Action item. Using the material that follows, output exactly the lines from the one containing "trouwdecoratie met de" through the one containing "Lagos Head of", with both ends kept.

Data supplied.
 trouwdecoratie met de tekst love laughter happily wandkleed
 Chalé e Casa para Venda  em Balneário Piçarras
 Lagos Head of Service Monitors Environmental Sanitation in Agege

* * *

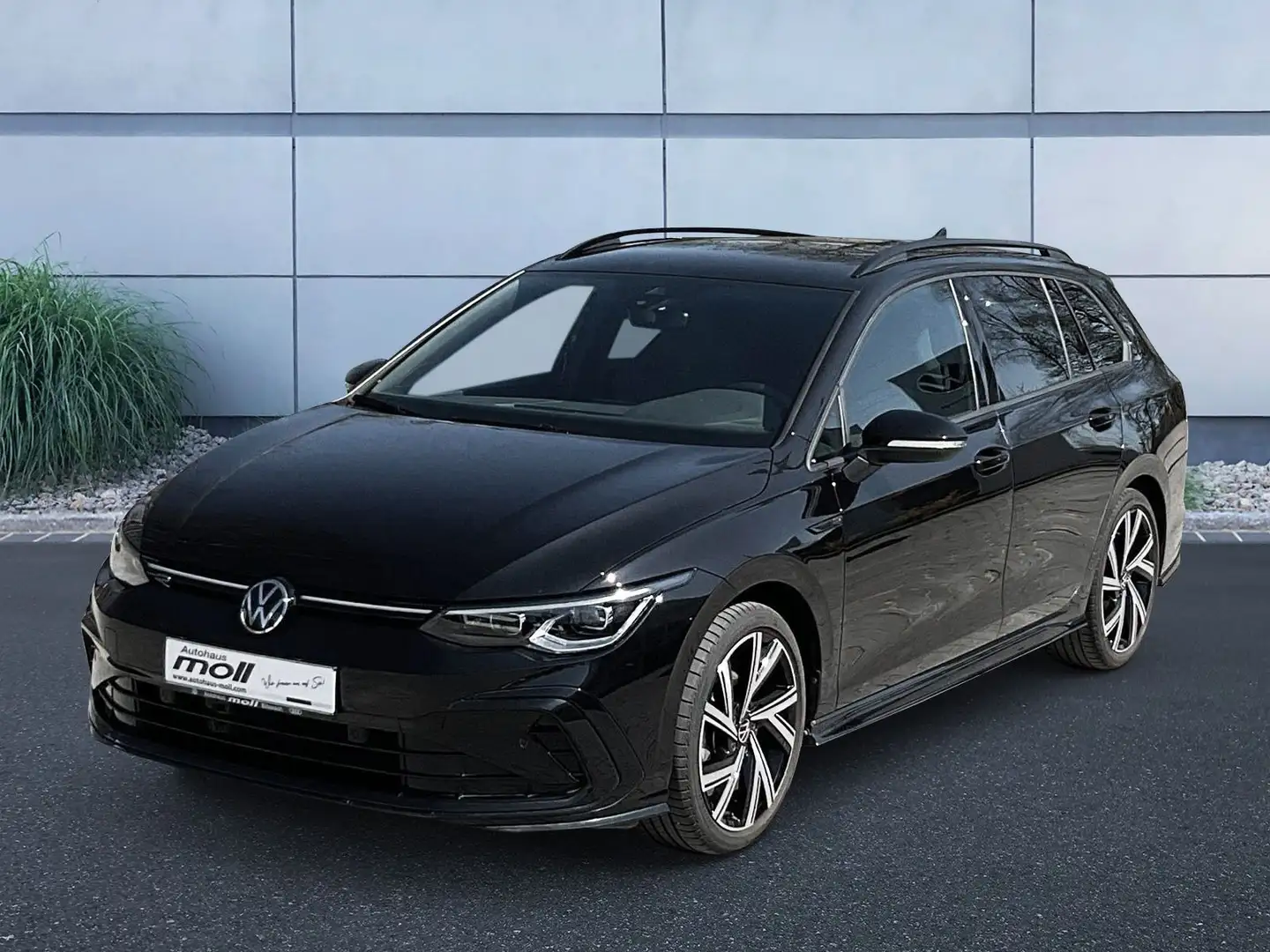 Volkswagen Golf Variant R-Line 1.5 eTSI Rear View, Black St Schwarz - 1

==

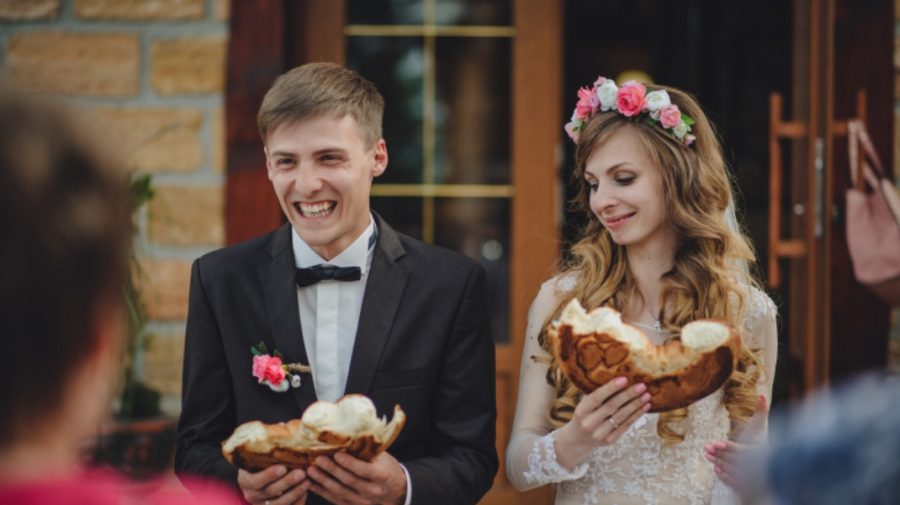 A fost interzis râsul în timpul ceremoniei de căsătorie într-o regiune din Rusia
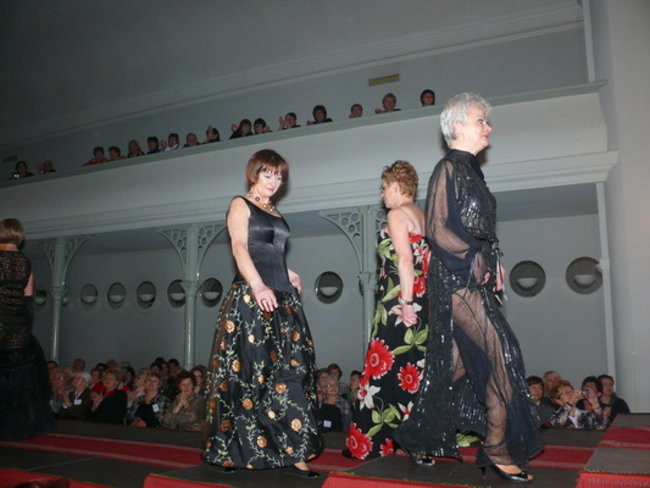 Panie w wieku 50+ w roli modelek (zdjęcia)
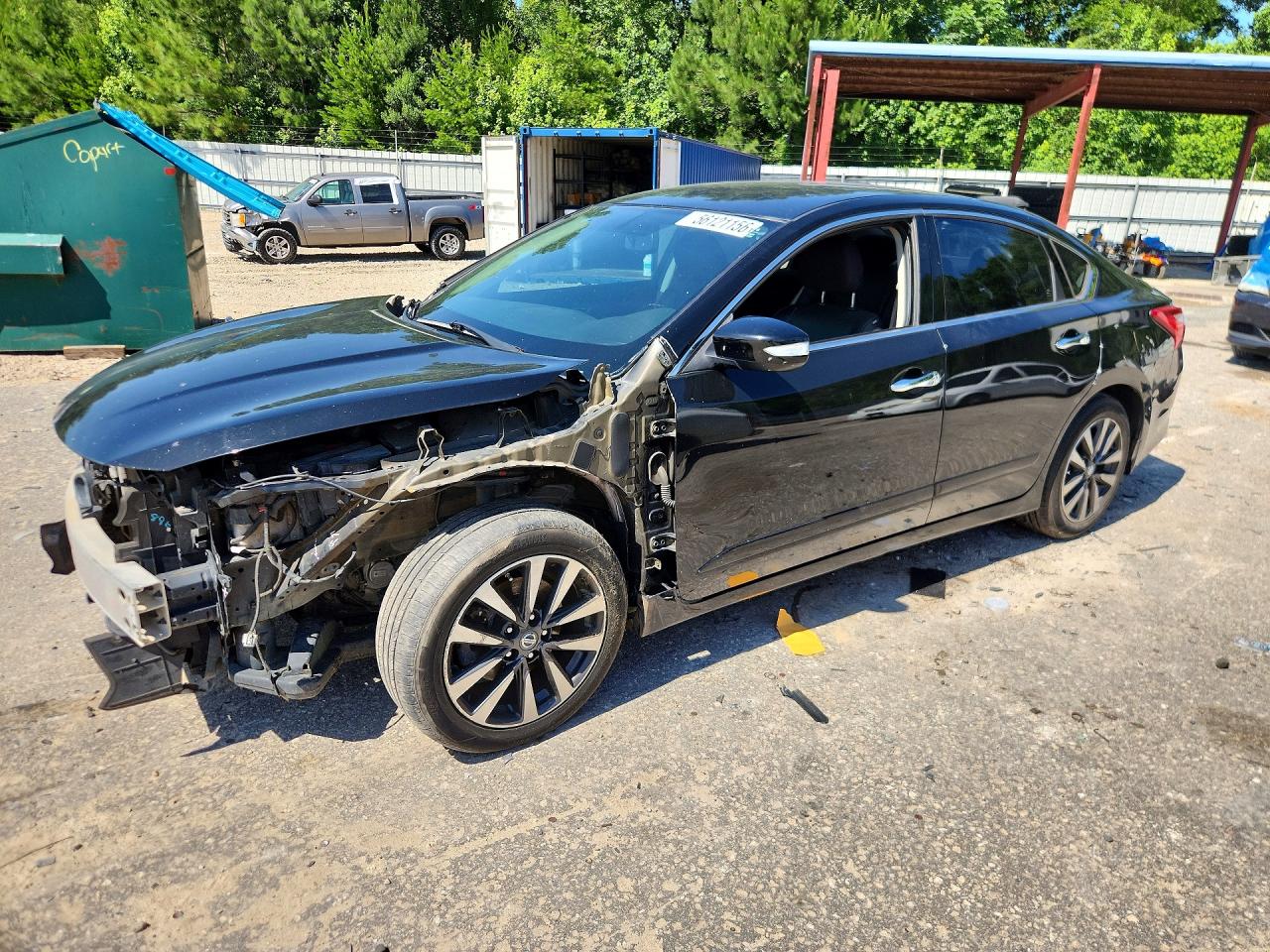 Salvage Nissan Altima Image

Your solution.
 trouwdecoratie met de tekst love laughter happily wandkleed
 Chalé e Casa para Venda  em Balneário Piçarras
 Lagos Head of Service Monitors Environmental Sanitation in Agege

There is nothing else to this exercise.